Margaret Spelings said "No."
But Arne Duncan says "Yes."
In August of 2007, the National Conference of State Legislatures took a hard line against any form of national academic standards, declaring that any national attempt to unite school curricula across states would be unacceptable until perceived flaws in the federal No Child Left Behind Act are fixed.
Republicans have tended to oppose such moves when federally imposed. (I know. The bush administration's No Child Left Behind legislation certainly intruded into state affairs.) But the idea of states voluntarily agreeing to submit has much broader support.
I'm not sure NCLB has been fixed in any significant way, but the number of folks supporting the idea certainly has. The last I heard, Achieve Inc., had been working with 36 states to develop voluntary standards. The number of states thinking seriously about national standards has now jumped to 46.
The hold outs: three conservative states Texas, Alaska, and South Carolina, plus the more moderate Missouri.
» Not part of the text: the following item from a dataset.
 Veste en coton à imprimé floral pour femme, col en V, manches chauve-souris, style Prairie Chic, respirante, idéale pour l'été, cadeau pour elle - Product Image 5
This from the Washington Post:
Forty-six states and the District of Columbia today will announce an effort to craft a single vision for what children should learn each year from kindergarten through high school graduation, an unprecedented step toward a uniform definition of success in American schools.
The push for common reading and math standards marks a turning point in a movement to judge U.S. children using one yardstick that reflects expectations set for students in countries around the world at a time of global competition.
Today, each state decides what to teach in third-grade reading, fifth-grade math and every other class. Critics think some set a bar so that students can pass tests but, ultimately, are ill-prepared.
Led by the National Governors Association and the Council of Chief State School Officers, the states, including Maryland and Virginia, are aiming to define a framework of content and skills that meet an overarching goal. When students get their high school diplomas, the coalition says, they should be ready to tackle college or a job. The benchmarks would be "internationally competitive."
Once the organizers of the effort agree to a proposal, each state would decide individually whether to adopt it.